By Bob Katzen
The House 38-121, rejected an amendment that would ban the use of tear gas by law enforcement officers in Massachusetts.
“When thousands of people gather to protest the state-sponsored murder of black people, the response shouldn’t be to fire chemical weapons at them,” said the amendment’s sponsor Rep. Mike Connolly (D-Cambridge). “But, too often, we have seen the indiscriminate use of tear gas on our streets, even though tear gas is actually prohibited in international warfare by the Geneva Protocol and the Chemical Weapons Convention. To be sure, the underlying bill we are considering today will add some limitations on the use of tear gas, but this amendment would have made the bill even stronger.”
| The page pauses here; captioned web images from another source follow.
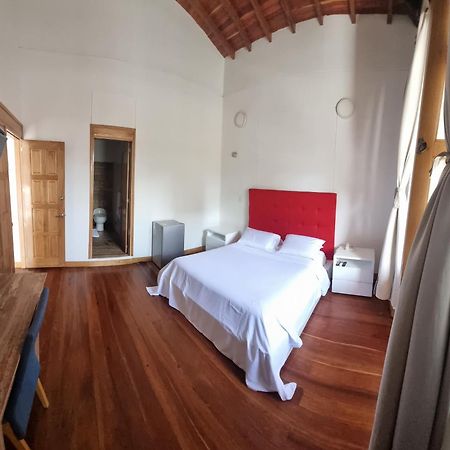 Hotel Cattaleya City Кали Экстерьер фото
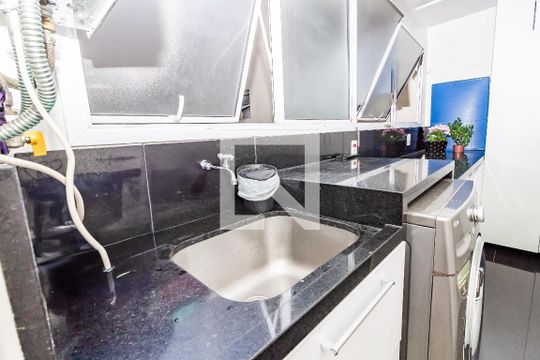 Comprar apartamento na Lapa com 3 quartos, varanda e academia, piscina e churrasqueira no condomínio. — Lavanderia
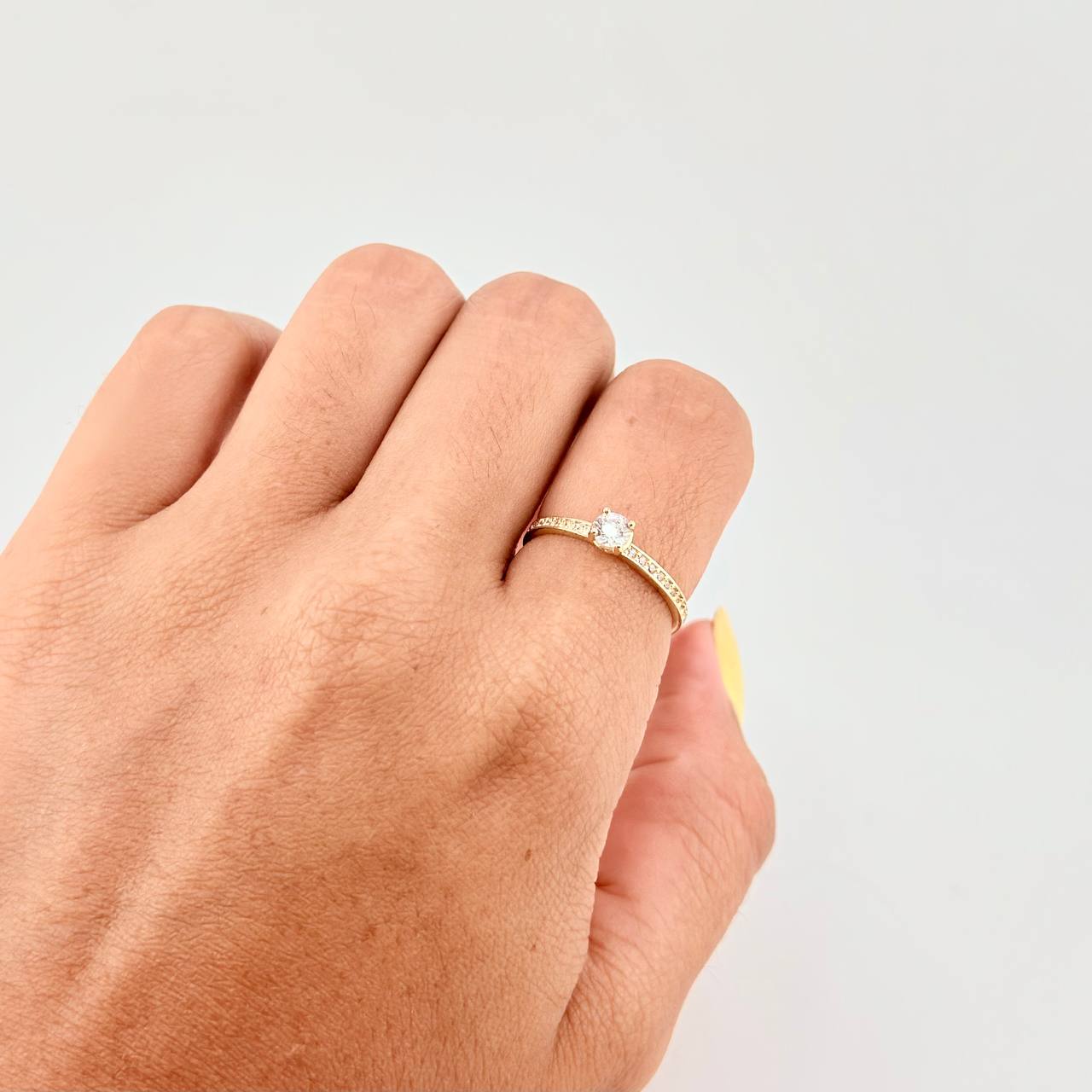 Anillo Solitario Tupido 1.45 g / T6 3/4 Oro Amarillo 18K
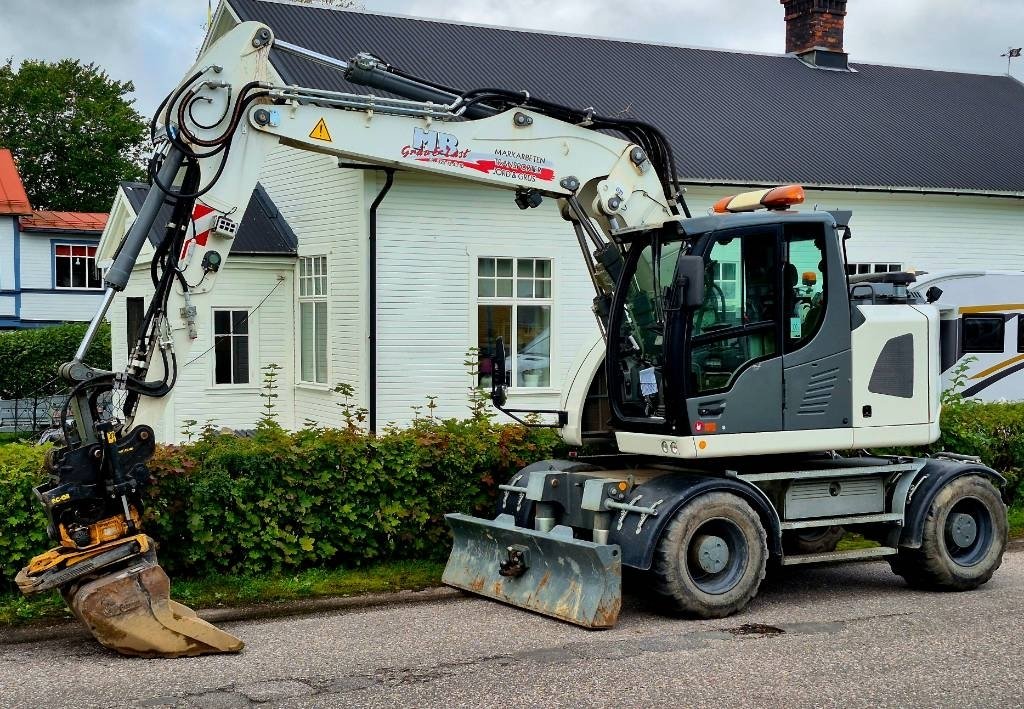 Liebherr A 914 Compact / Rand...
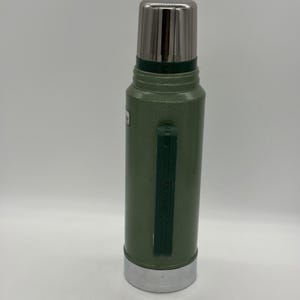 Garrafa térmica vintage grande Aladdin Stanley A-944DH verde de um quarto de galão, fabricada nos EUA. imagem 2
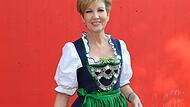 Carolin Reiber im Dirndl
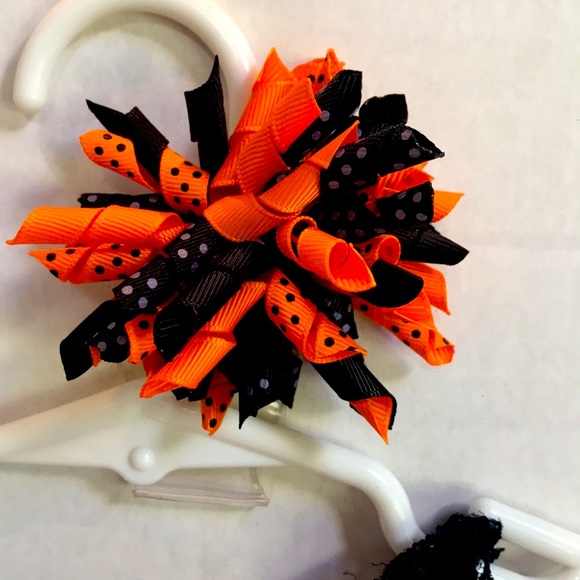 2 piece set.  Cute ruffle romper suitable for a 6-12 month old plus corker bow! - Picture 3 of 4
“This amendment would have prohibited law enforcement’s use of tear gas in all situations,” said Rep. Michael Day (D-Stoneham), vice chair of the Judiciary Committee. “The underlying bill imposes heightened restrictions and regulates the use of tear gas by requiring law enforcement to exhaust crowd de-escalation measures [first]. This bill also establishes substantial oversight over the use of tear gas by requiring law enforcement agencies who do use it to provide a written report detailing all measures taken in advance of the event to reduce the probability of danger and all de-escalation measures taken. The independent commission will then review that report and determine whether further investigation or corrective action should be taken.”
(A “Yes” vote is for the amendment that bans the use of tear gas. A “No” vote is for allowing the use of tear gas.)